Yılmaz Mehmet Alper, Ceylan Ahmet Arda, Kaynar Gun, Çiçek A Ercüment
Department of Computer Engineering, Bilkent University, Ankara 06800, Türkiye.
Computational Biology Department, School of Computer Science, Carnegie Mellon University, Pittsburgh, PA 06800, United States.
Bioinformatics. 2025 Jul 1;41(Supplement_1):i285-i293. doi: 10.1093/bioinformatics/btaf244.
Copy number variants (CNVs) are pivotal in driving phenotypic variation that facilitates species adaptation. They are significant contributors to various disorders, making ancient genomes crucial for uncovering the genetic origins of disease susceptibility across populations. However, detecting CNVs in ancient DNA (aDNA) samples poses substantial challenges due to several factors: (i) aDNA is often highly degraded; (ii) contamination from microbial DNA and DNA from closely related species introduces additional noise into sequencing data; and finally, (iii) the typically low-coverage of aDNA renders accurate CNV detection particularly difficult. Conventional CNV calling algorithms, which are optimized for high-coverage read-depth signals, underperform under such conditions.
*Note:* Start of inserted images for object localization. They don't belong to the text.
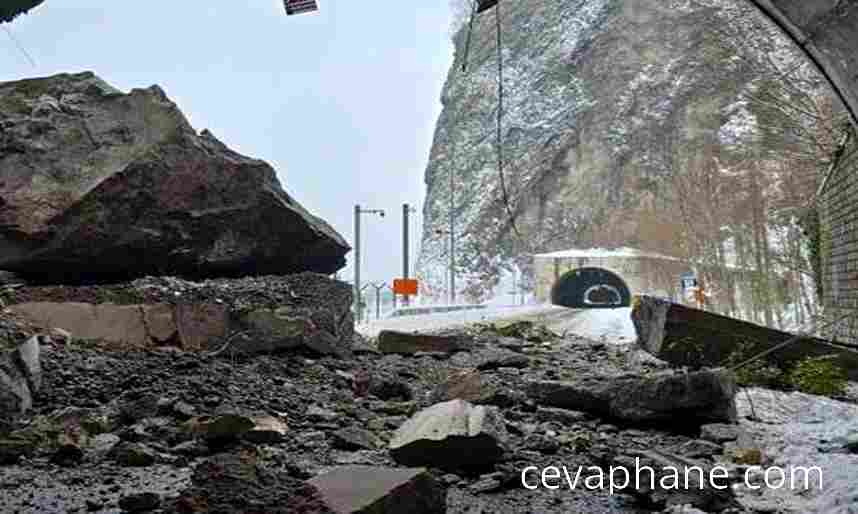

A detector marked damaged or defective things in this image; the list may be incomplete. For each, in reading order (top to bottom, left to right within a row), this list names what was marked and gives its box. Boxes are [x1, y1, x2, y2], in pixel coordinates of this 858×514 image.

broken concrete slab [376, 330, 464, 354]
broken concrete slab [624, 294, 856, 378]
broken concrete slab [520, 368, 736, 424]
broken concrete slab [390, 398, 504, 470]
broken concrete slab [306, 464, 442, 512] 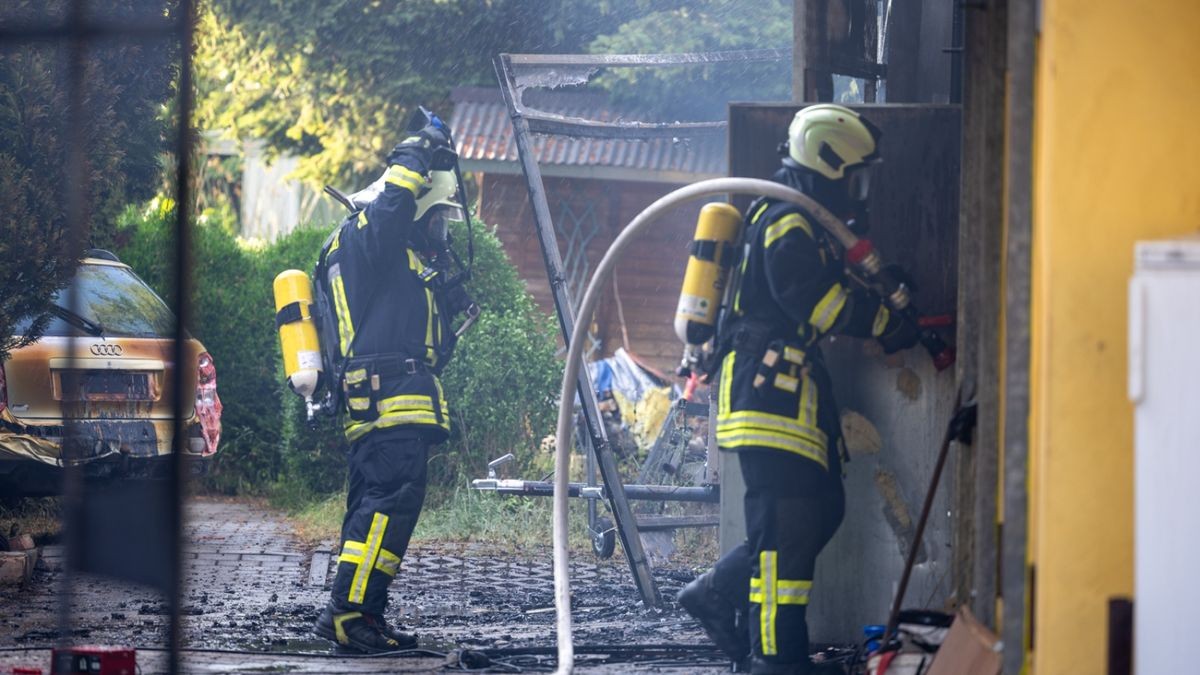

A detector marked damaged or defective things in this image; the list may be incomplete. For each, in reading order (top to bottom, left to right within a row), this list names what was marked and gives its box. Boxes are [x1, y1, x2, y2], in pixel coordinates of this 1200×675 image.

burnt metal frame [0, 2, 195, 667]
burnt car [0, 249, 223, 492]
charred carport beam [468, 475, 715, 502]
burnt metal frame [489, 47, 787, 605] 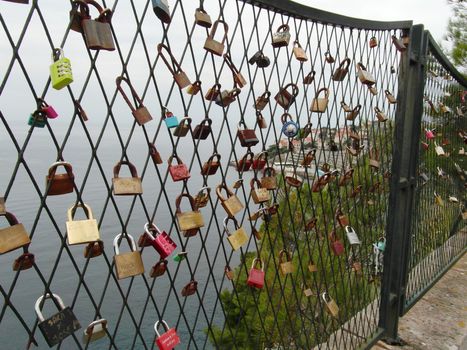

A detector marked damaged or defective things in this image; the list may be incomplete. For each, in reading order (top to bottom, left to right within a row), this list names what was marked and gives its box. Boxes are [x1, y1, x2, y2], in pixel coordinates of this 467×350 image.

rusty padlock [116, 76, 153, 126] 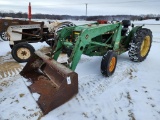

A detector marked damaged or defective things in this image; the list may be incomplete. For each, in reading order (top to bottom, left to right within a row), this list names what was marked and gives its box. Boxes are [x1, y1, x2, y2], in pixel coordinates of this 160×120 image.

rusty bucket [20, 50, 78, 114]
To address these limitations, we introduce LYCEUM, the first machine learning-based CNV caller for aDNA. To overcome challenges related to data quality and scarcity, we employ a two-step training strategy. First, the model is pre-trained on whole genome sequencing data from the 1000 Genomes Project, teaching it CNV-calling capabilities similar to conventional methods. Next, the model is fine-tuned using high-confidence CNV calls derived from only a few existing high-coverage aDNA samples. During this stage, the model adapts to making CNV calls based on the downsampled read depth signals of the same aDNA samples. LYCEUM achieves accurate detection of CNVs even in typically low-coverage ancient genomes. We also observe that the segmental deletion calls made by LYCEUM show correlation with the demographic history of the samples and exhibit patterns of negative selection inline with natural selection.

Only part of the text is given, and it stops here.